L’impasse actuelle sur le site de traitement de gaz naturel de Tinguentourine entre les forces spéciales algériennes et les insurgés islamistes hostiles à la guerre française au Mali s’est poursuivie hier 18 janvier alors que la France renforçait son invasion du Mali voisin.

Les autorités algériennes n’ont toujours pas fourni de décompte précis des victimes de l’attaque menée jeudi 17 janvier par les forces spéciales algériennes contre le site gazier BP-Statoil-Sonatrach. Elles ont démenti des rapports initiaux selon lesquels 36 otages et 11 des 18 combattants islamistes avaient été tués. Plus de 650 otages ont été libérés dont 573 travailleurs algériens et environ une centaine sur les 132 otages étrangers parmi lesquels se trouvaient des citoyens japonais, américains, irlandais, britanniques, norvégiens et français.

La brigade des « Signataires par le sang » qui a des liens avec al Qaïda et qui avait déclenché l’opération de prise d’otages mercredi à 5 heures 30 exige des négociations pour mettre fin à la guerre française au Mali. Elle propose aussi d’échanger des otages américains contre deux prisonniers détenus aux Etats-Unis, le cheikh aveugle Omar Abdel Rahman et la scientifique pakistanaise, Aafia Siddiqui.

La brigade des « Signataires par le sang » serait dirigée par Mokhtar Belmokhtar, un Algérien de 40 ans et un influent trafiquant de cigarettes, d’armes et autres marchandises dans le Sahara. Il s’était rendu en Afghanistan à l’âge de 19 ans pour s’entraîner avec al Qaïda qui aidait alors Washington dans sa guerre par procuration contre le gouvernement afghan soutenu à l’époque par l’Union soviétique. Rentré en Algérie en 1993 pour lutter en tant que membre du Groupe salafiste pour la Prédication et le Combat (GSPC) contre le gouvernement militaire dans la guerre civile algérienne qui dura de 1991-2001. Le groupe se renomma en 2007 al Qaïda au Maghreb islamique (AQMI).

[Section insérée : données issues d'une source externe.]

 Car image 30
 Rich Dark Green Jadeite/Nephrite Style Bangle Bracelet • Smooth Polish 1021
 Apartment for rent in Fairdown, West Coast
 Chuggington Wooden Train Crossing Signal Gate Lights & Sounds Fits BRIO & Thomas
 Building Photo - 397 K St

L’équipe d’assaut islamiste comprenait apparemment des combattants libyens, syriens et algériens ainsi qu'un citoyen français et un Européen du Nord que les combattants appelaient « le Norvégien ».

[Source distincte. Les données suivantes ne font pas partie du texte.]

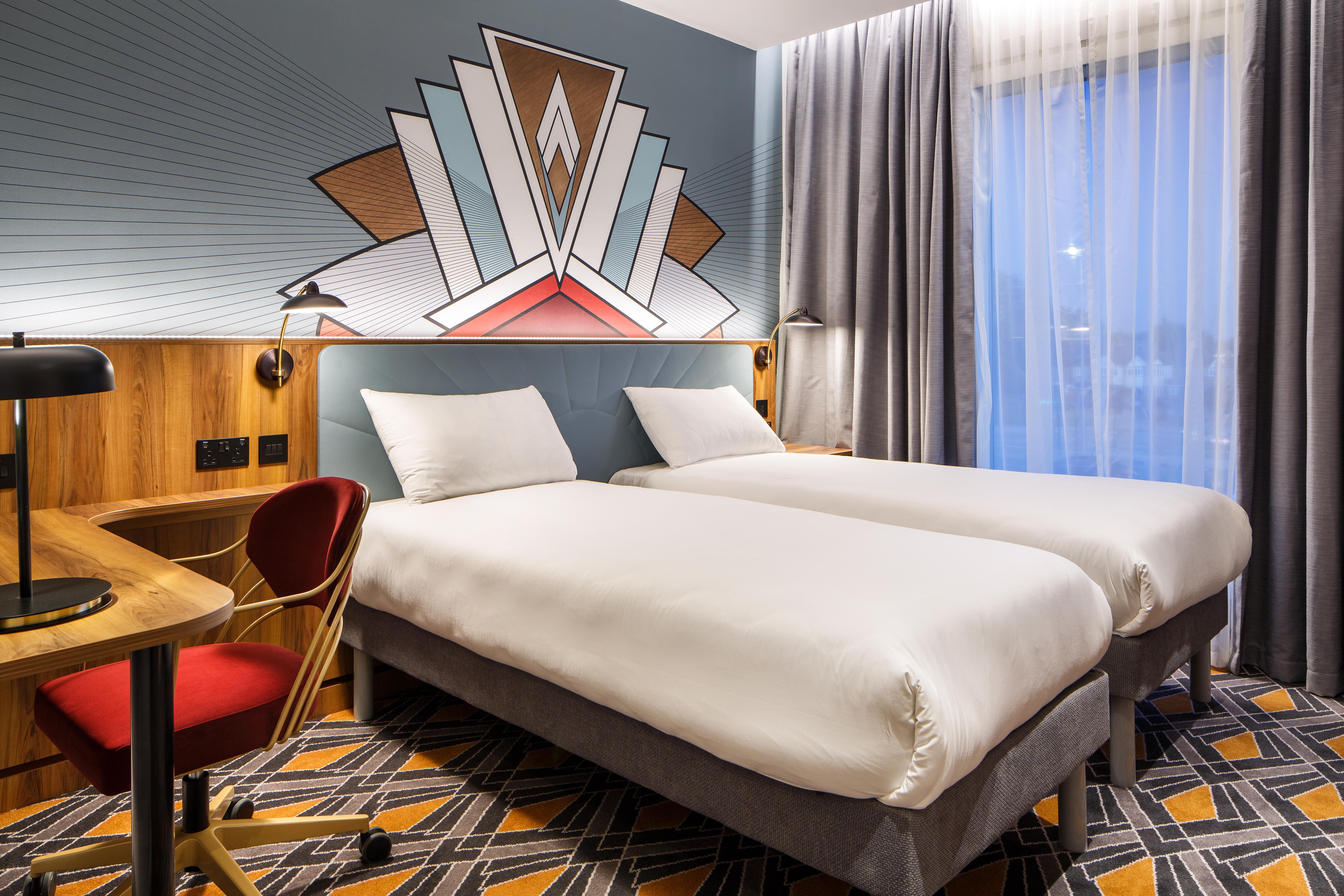 Ibis Styles London Heathrow East Hotel Hounslow Eksteriør billede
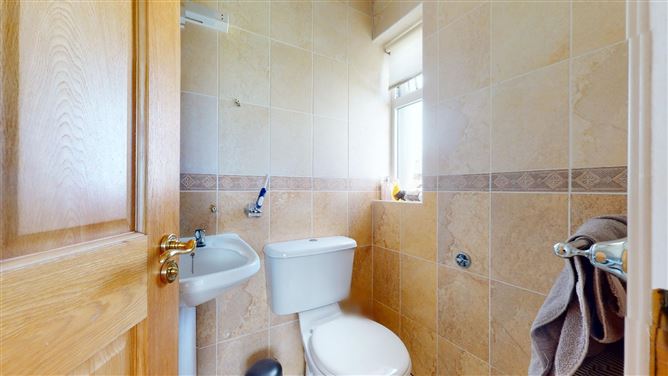 25A Gladesville, Castlebar, Co. Mayo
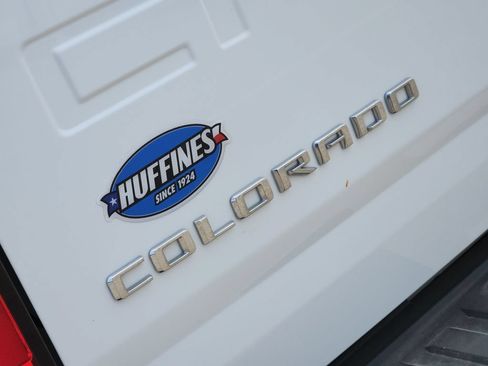 Used 2022 Chevrolet Colorado LT w/ Fleet Safety Package RWD image 12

L’assaut fait partie des retombées politiques de la guerre sanglante menée en 2011 par l’OTAN en Libye et qui avait placé des associés libyens d’al Qaïda à de nombreux postes de pouvoir en Libye. La guerre avait aussi inondé la région entière d’armes qui servent actuellement à des opérations insurrectionnelles en Algérie et dans le Nord-Mali voisin.

L’armée algérienne aurait décidé d’attaquer les Islamistes pour empêcher une éventuelle destruction du site de Tinguentourine qui produit 18 pour cent des exportations gazières de l’Algérie. Alger a publié un communiqué déclarant qu’avant l’attaque, les Islamistes étaient sur le point de dépasser « un stade de non-retour… une véritable catastrophe pour les centaines d’otages et l’installation de traitement de gaz naturel. »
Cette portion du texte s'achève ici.